Einige Energieanalysten sind jedoch der Ansicht, dass gerade das Europa zum Verhängnis wird.

So setzt vor allem Deutschland stark auf Windkraft und Photovoltaik. Der mehrtägige Windmangel Mitte Januar führte zu einem Anstieg der Großhandelspreise für Strom in Deutschland, aber auch in Norwegen. Das löste in dem skandinavischen Land eine politische Krise aus, die zum Sturz der norwegischen Regierung führte.

Das norwegische Stromnetz ist über Unterseekabel mit mehreren europäischen Ländern verbunden. Diese ermöglichen den Austausch von Strom zwischen den Märkten. Zudem erlaubt es Norwegen, seine Hauptstromquelle Wasserkraft zu exportieren. Gelegentlich importiert Norwegen Strom bei Bedarf.

Das Risiko beim Stromhandel

Doch Länder, die Strom exportieren, riskieren hohe Inlandspreise, wenn die Nachfrage in den Nachbarländern steigt. Laut einigen Energieanalysten bedeutet die zunehmende Abhängigkeit Europas von erneuerbaren Energien höhere Preisschwankungen auf einem transnationalen Markt. Dieser wird jetzt immer stärker von den Wind- und Sonnenenergieangeboten beeinflusst.

Der Stromhandel kann für beide Seiten von Vorteil sein, darf aber nicht als dauerhafte Krücke für innenpolitische Versäumnisse missbraucht werden. Das teilte Andy Mayer, Energieanalyst bei der Internationalen Energieagentur (IEA), der Epoch Times mit.

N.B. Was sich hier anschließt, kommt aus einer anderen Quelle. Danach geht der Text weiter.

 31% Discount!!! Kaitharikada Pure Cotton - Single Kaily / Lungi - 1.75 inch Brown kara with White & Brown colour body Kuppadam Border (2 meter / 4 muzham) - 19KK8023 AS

„Die Energiesicherheit profitiert logischerweise vom Handel. […] Ein schlechtes Jahr [eines Handelspartners] kann zur eigenen Geschäftschance werden und umgekehrt. Wir alle sichern uns gegenseitig ab“, so Mayer. Doch ebenso warnte er:

Diese Logik funktioniert jedoch nicht, wenn Länder in Bezug auf ihre eigene Sicherheit leichtsinnig sind und stattdessen von ihren verantwortungsbewussten Nachbarn abhängig werden.“

Dabei wies er auf die Reaktion Deutschlands auf die Nuklearkatastrophe von Fukushima im Jahr 2011 hin, als die Bundesregierung unter Angela Merkel (CDU) den Atomausstieg beschleunigte. Dies sei ein Beispiel für eine solche Energieabhängigkeit. „Sie haben Kernkraftwerke abgeschaltet, während sie gleichzeitig immer abhängiger von französischer Kernenergie wurden“, sagte er.

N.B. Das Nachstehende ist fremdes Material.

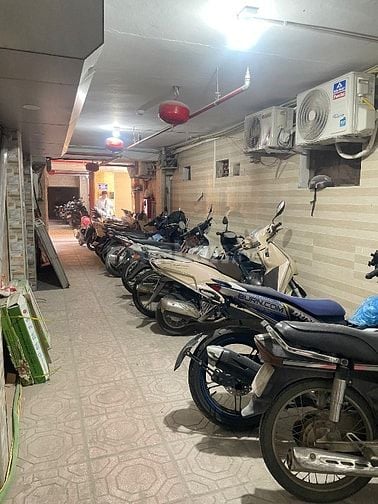 Tôi chủ nhà cần bán căn hộ tập thể ngay mặt phố N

„Als große Teile dieser alternden Flotte [in Frankreich] vom Netz gingen, musste [mehr] schwefelhaltige polnische Kohle verbrannt werden, um Stromausfälle zu vermeiden, während die französischen Steuerzahler mit einer 10-Milliarden-Euro-Rechnung für die Rettung des [staatlichen französischen Stromversorgers EDF] zahlen mussten, nachdem die Regierung Preiskontrollen verhängt hatte.“

Hohe Strombedarfe ließen Norwegen umdenken

Ein weiteres Beispiel: Seitdem die Stromnachfrage im Vereinigten Königreich hoch und die Windenergieerzeugung niedrig ist, lässt Norwegen seit dem Jahr 2021 bis zu 1.400 Megawatt Strom über das Nordsee-Link-Unterseekabel fließen.

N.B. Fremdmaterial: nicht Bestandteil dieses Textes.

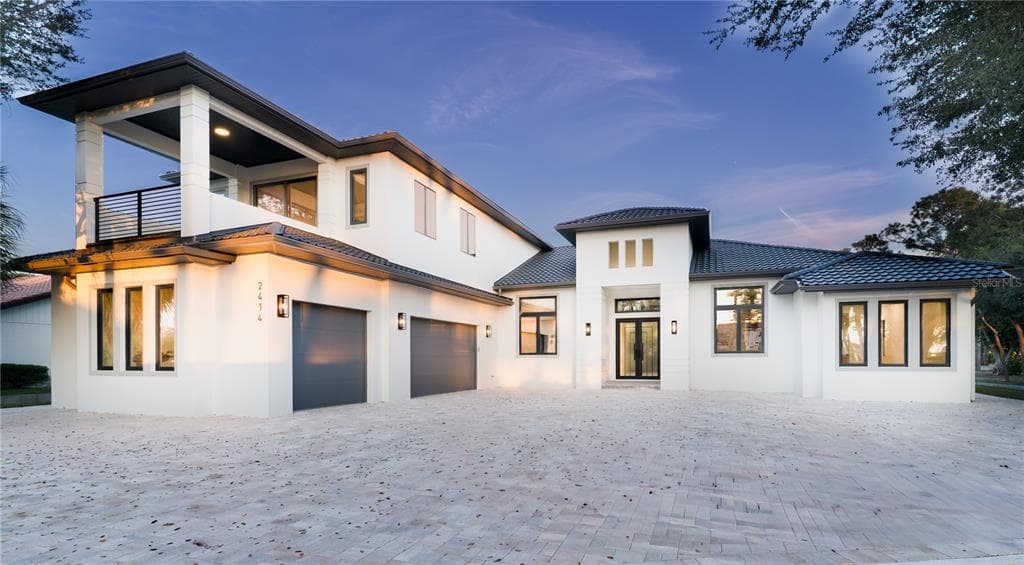 2414 BAYSHORE ROAD, NOKOMIS, FL 34275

Im selben Jahr begann Norwegen auch, Deutschland über ein NordLink-Unterseekabel mit derselben Kapazität mit Strom zu versorgen. Die Kabel erleichtern nicht nur den norwegischen Stromexport, sondern auch den Austausch von Wind- und Solarenergie.

Diese Vereinbarung geriet im Dezember 2024 ins Wanken, als die deutschen Stromimporte die europäischen Strompreise auf den höchsten Stand seit dem Jahr 2009 trieben. Das veranlasste den norwegischen Energieminister der Arbeiterpartei, Terje Aasland, zu der Aussage, dass die Regierung ihre Exportvereinbarungen überdenke.

Preisanstieg durch mehr Unterseekabel

Einige Wochen später zog sich die euroskeptische Zentrumspartei aus der Regierungskoalition zurück und brachte damit die norwegische Regierung zum Zusammenbruch, als sie die Übernahme der EU-Vorschriften für erneuerbare Energien plante. Ihr Vorsitzender Trygve Slagsvold Vedum machte die Unterseekabel nach Deutschland und England für die hohen Preise im Land verantwortlich.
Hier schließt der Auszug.